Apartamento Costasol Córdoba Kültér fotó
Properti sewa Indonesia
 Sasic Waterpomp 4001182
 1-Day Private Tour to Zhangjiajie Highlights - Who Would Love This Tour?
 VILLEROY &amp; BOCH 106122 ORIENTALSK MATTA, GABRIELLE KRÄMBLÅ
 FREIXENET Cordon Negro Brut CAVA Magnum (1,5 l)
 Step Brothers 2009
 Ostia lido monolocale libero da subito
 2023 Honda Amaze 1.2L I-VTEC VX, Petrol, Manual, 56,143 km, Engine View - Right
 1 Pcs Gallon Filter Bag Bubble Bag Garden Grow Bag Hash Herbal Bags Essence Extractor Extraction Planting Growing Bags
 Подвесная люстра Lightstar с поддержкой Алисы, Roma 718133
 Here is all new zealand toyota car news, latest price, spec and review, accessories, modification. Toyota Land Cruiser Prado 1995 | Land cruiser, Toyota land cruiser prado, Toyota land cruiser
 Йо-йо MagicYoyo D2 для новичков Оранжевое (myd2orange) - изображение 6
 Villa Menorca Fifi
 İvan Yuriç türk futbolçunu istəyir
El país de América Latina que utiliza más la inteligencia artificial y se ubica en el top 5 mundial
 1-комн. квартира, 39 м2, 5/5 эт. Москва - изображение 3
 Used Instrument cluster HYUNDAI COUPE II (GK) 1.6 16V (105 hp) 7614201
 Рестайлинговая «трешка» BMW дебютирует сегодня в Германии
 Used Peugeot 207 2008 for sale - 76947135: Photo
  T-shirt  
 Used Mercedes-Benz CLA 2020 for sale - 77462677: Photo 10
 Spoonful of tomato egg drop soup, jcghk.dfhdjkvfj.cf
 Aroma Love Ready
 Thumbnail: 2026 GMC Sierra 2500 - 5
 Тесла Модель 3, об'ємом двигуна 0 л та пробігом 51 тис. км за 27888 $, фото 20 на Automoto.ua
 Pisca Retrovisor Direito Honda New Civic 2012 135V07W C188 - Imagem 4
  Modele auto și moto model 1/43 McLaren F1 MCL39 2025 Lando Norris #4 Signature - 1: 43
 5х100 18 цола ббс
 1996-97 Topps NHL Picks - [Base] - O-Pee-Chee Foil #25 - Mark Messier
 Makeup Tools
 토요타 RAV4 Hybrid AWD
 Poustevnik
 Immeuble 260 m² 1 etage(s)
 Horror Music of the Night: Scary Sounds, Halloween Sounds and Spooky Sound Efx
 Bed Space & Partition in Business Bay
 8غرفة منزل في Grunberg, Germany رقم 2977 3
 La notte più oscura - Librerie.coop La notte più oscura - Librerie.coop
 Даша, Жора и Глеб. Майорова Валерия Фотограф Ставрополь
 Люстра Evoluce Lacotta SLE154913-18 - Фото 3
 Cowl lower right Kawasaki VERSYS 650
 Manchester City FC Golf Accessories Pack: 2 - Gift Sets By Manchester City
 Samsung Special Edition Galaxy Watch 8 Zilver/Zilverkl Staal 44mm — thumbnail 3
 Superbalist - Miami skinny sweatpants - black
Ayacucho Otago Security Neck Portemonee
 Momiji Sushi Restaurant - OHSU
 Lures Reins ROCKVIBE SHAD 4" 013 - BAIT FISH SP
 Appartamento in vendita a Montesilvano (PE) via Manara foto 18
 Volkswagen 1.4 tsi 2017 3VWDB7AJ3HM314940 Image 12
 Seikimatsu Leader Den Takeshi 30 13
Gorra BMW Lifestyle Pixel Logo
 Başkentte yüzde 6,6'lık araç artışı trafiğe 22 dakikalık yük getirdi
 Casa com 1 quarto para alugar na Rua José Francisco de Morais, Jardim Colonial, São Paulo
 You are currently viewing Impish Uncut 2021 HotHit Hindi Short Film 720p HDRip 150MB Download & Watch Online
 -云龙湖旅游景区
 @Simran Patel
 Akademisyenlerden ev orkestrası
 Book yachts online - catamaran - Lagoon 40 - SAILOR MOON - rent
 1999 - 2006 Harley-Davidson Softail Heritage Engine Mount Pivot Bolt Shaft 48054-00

= = = = =

Problem details ->
Beginning at the first line above, repeat exactly until the line containing "FREIXENET Cordon Negro", which is included.

Task result ->
Apartamento Costasol Córdoba Kültér fotó
Properti sewa Indonesia
 Sasic Waterpomp 4001182
 1-Day Private Tour to Zhangjiajie Highlights - Who Would Love This Tour?
 VILLEROY &amp; BOCH 106122 ORIENTALSK MATTA, GABRIELLE KRÄMBLÅ
 FREIXENET Cordon Negro Brut CAVA Magnum (1,5 l)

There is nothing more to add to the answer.